▶ **Exercise inputs**:
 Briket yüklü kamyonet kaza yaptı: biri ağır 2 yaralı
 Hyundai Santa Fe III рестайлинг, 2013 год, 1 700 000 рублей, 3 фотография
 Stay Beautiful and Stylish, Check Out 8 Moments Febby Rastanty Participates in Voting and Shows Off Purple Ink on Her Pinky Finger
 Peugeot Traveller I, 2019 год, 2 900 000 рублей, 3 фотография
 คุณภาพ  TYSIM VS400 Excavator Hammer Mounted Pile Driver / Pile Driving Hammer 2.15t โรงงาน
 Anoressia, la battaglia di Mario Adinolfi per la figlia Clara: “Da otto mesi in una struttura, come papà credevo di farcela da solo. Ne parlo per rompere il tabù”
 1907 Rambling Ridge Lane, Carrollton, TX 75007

...

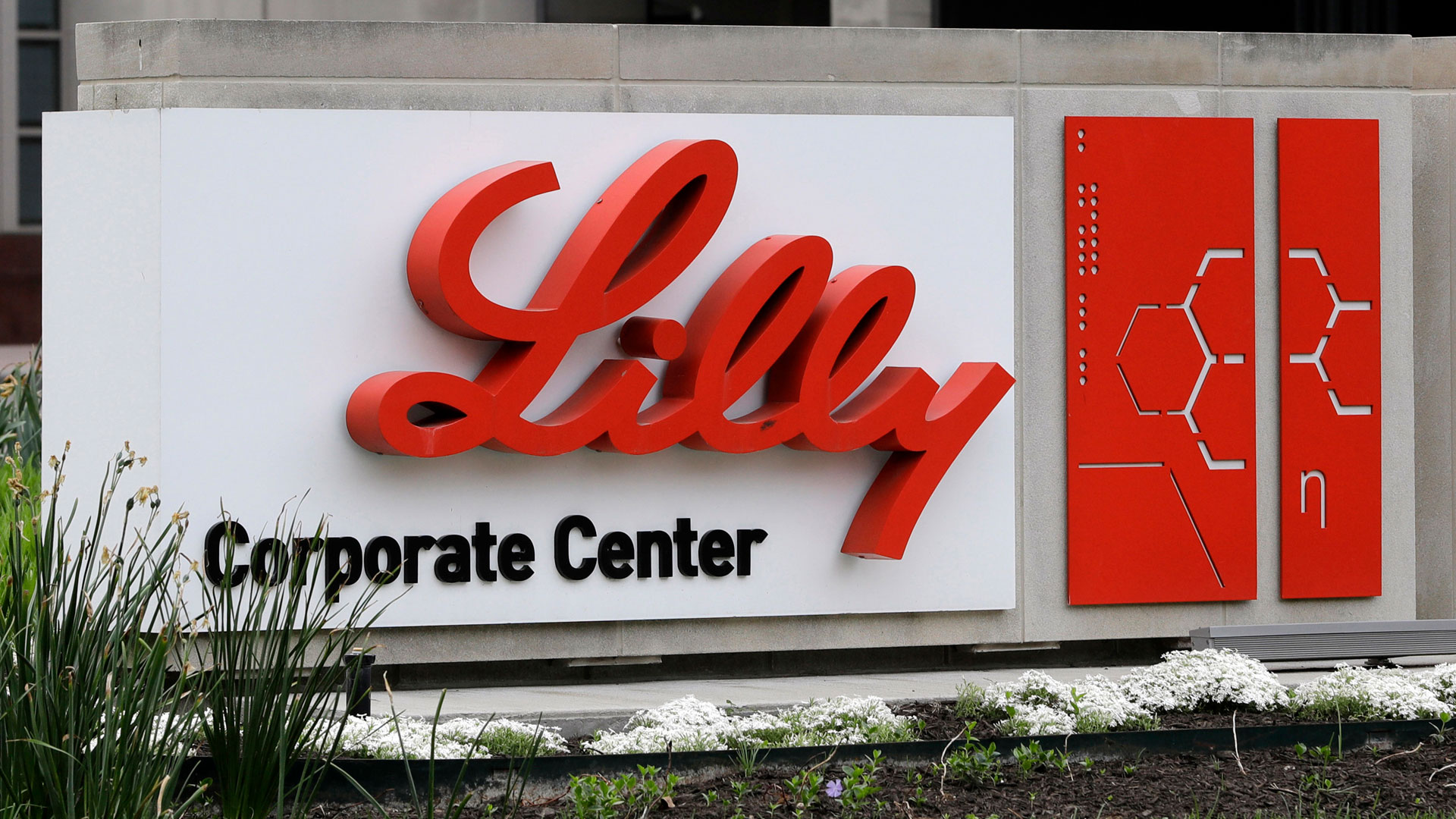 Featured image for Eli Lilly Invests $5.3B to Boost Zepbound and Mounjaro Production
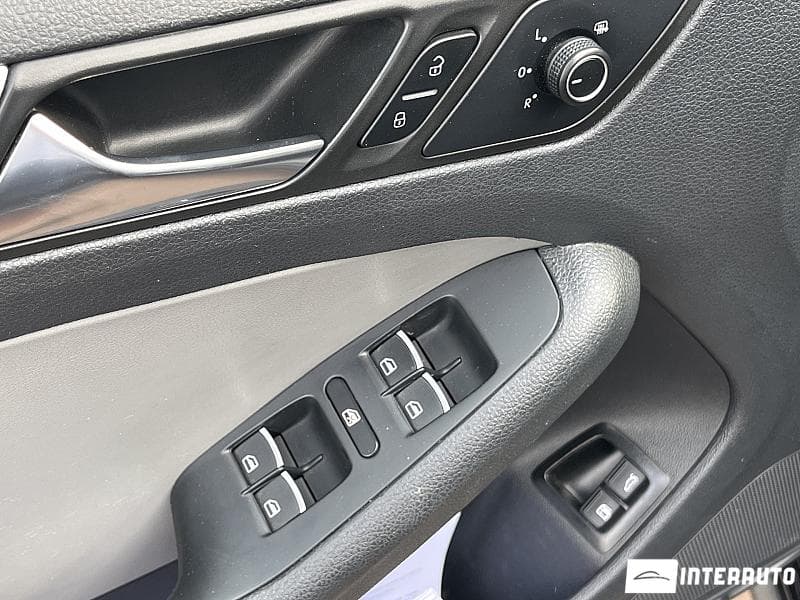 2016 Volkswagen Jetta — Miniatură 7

▶ **Task details**:
Copy verbatim, from the listing above, each line from the one containing "Hyundai Santa Fe" down to the one containing "1907 Rambling Ridge", inclusive.

▶ **Finished task**:
 Hyundai Santa Fe III рестайлинг, 2013 год, 1 700 000 рублей, 3 фотография
 Stay Beautiful and Stylish, Check Out 8 Moments Febby Rastanty Participates in Voting and Shows Off Purple Ink on Her Pinky Finger
 Peugeot Traveller I, 2019 год, 2 900 000 рублей, 3 фотография
 คุณภาพ  TYSIM VS400 Excavator Hammer Mounted Pile Driver / Pile Driving Hammer 2.15t โรงงาน
 Anoressia, la battaglia di Mario Adinolfi per la figlia Clara: “Da otto mesi in una struttura, come papà credevo di farcela da solo. Ne parlo per rompere il tabù”
 1907 Rambling Ridge Lane, Carrollton, TX 75007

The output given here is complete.